By Catherine Powell
Yunus, who also has been accused of predatory lending, explains that commercialization is responsible for destroying the original microfinance mission. The model continues to be sustainable when it is small and focused on individuals. Microfinance alone, however, can't be the world's economic cure-all, and those of us who are passionate about the microfinance revolution are left to wonder what global business reform will look like.
It's looking a lot like social enterprise. One of the most exciting and expanding sectors of 2012, social enterprise is a new way to do business and think about capitalism. Social enterprises are hybrids of various organizational models that intersect profit making with measurable benefits to communities.
To understand the direction of new business and investigate social enterprise, I spoke with Peter Roberts, a professor at Emory's Goizueta Business School; Hilary King, Emory student and co-founder of a direct-trade coffee business; and Katrell Christie, owner of an Atlanta coffee shop and founder of a nonprofit educational program in India.
Roberts has advanced his career by searching for new ways to do and teach business. And social enterprise is a new way to approach capitalism that goes beyond focusing solely on profits and Fortune 500 companies. A social enterprise allows for the coexistence of profit making and social benefits. A sustainable business, after all, requires rigorous standards that ensure accountability to relevant stakeholders.
My passion for this topic stems from living for two years, on and off, in India as a student, tourist, and entrepreneur. I often have contemplated the intersection between nonprofit and for-profit enterprises. As a Rotary Scholar based in Hyderabad, I created a small jewelry business with a group of women in one of the poorest neighborhoods. I got to know Hindu and Muslim women and helped create opportunities for them to generate income that they wouldn't have had otherwise. We learned firsthand about the communication skills, confidence, and risks required to be an entrepreneur. The most challenging conversations were about money, as many of the women asked me for money outside of the business.
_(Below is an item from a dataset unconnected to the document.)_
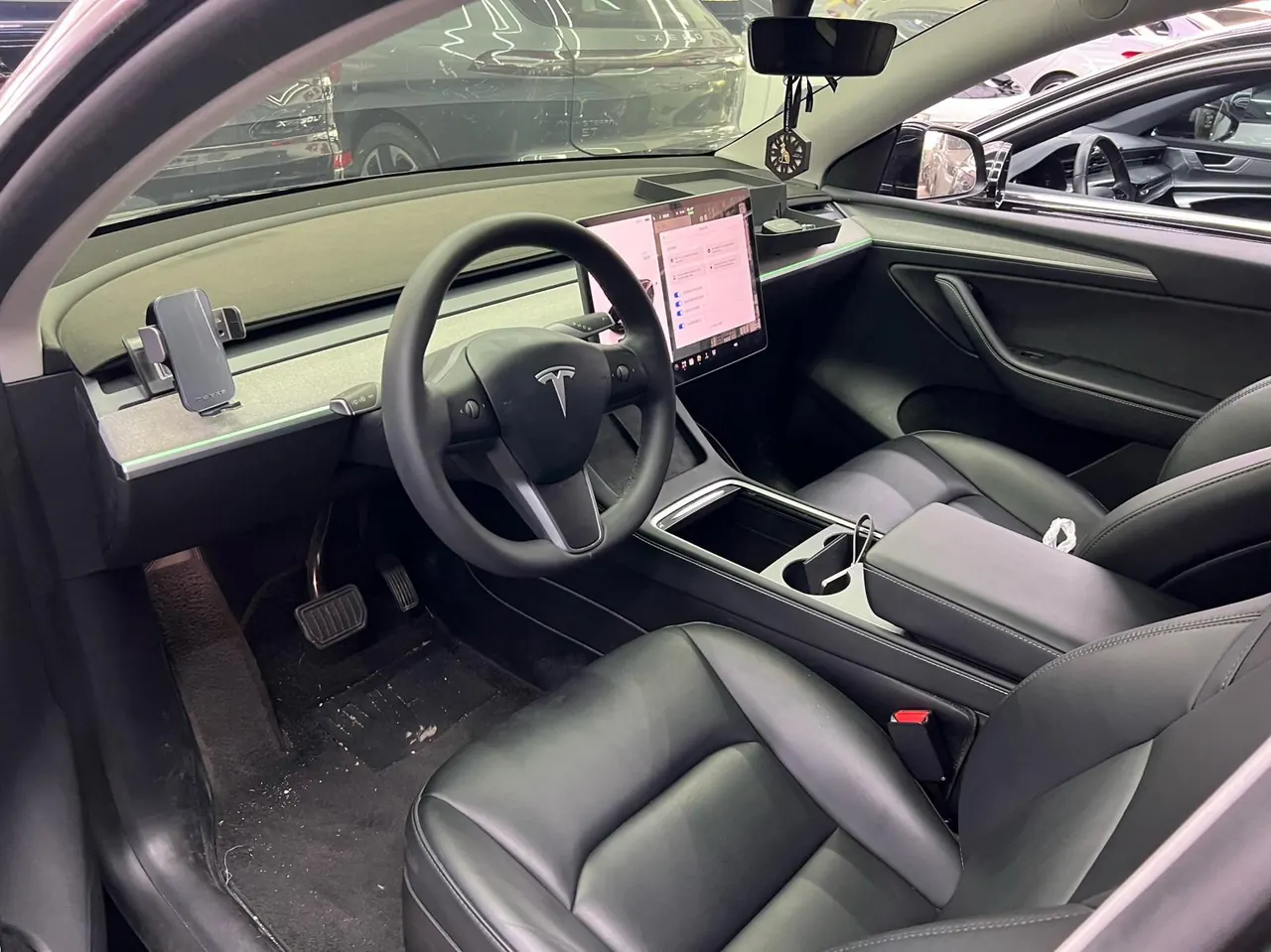 Tesla 2023 Model Y long endurance all-wheel drive version automatic transmission 3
I formed the business as a limited liability corporation because I believed that corporations should begin and end with the welfare of underserved populations, women in particular. The money that we generated and could use for future investment, I believed, was more sustainable than one-time handouts from nonprofits. At that time, in 2005, I didn't realize that my ideas were part of a bigger social-enterprise movement.
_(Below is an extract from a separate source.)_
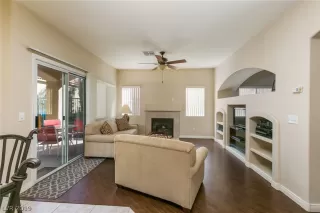 Photo #6: 2137334 Listing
Five years ago, Katrell Christie lived up the street from a coffee house that was about to close its doors until she decided to buy it in order to continue her morning coffee ritual. Since then, she has expanded the store's size and developed a nonprofit project called The Learning Tea. She sells books, tea, and Indian dinners that benefit an orphanage she has founded in Darjeeling, India. She said, "my product is education," which is "not really a salable product." She has taken 22 Atlantans on trips to build the orphanage, which houses and educates nine girls.
Most of the difficulties Christie has faced are trust issues. She has to trust that the chain of command and the volunteers in India are doing the right thing. She has to trust that the girls are invested in their education. She has to trust that customers will continue purchasing her products. The rewards for Christie are that the "girls really are desperate for education" and that the trips to India for Americans "changed every person in some way or another."
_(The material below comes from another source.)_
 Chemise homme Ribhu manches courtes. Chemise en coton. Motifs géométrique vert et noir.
Hilary King has been a student of anthropology, Spanish, and business through college, graduate school, and a Watson fellowship. She is currently working toward a doctoral degree in anthropology at Emory. She applies her studies hands-on through a direct-trade coffee company based in the Dominican Republic called Liga Masiva. Established by King and her college best friend, Liga Masiva is founded, says King, on "building a global farmers market" by "directly connecting small-scale organic farmers in Latin America to consumers in the US." King defines social enterprise as "people trying to use business to meet social needs using varied tools from business and nonprofit [sectors]." As a social enterprise, Liga Masiva employs a "trade model that works better for small-scale farmers by giving them guaranteed prices that are above their cost of production and facilitating access to credit and market information."
King and her colleagues have faced skeptics in the US who doubt the sustainability of the business because there are not many other businesses that compare. King and the growing staff at Liga Masiva are pioneers who demonstrate that social enterprise is possible, profitable, and sustainable. What King describes and what many others are now noticing is that business should not work by exploiting people "traditionally at a disadvantage within the international trade system." The success of Liga Masiva is based on its mission to "decrease the farmer's vulnerability" and to "connect people rather than to distance them." To do this, King also has realized that Liga Masiva must be "flexible enough to innovate and make new decisions and new iterations."
All the organizations mentioned believe that it is just as important to address the common good as it is to generate profit. Today's entrepreneurs are acknowledging the relationship between social equality, sustainability, and profit. Through social enterprise, entrepreneurs are building business models that reflect the needs of vulnerable communities.
Catherine Powell is a former CWE intern and currently contributes written and film content to various publicity projects at the Center for Ethics at Emory.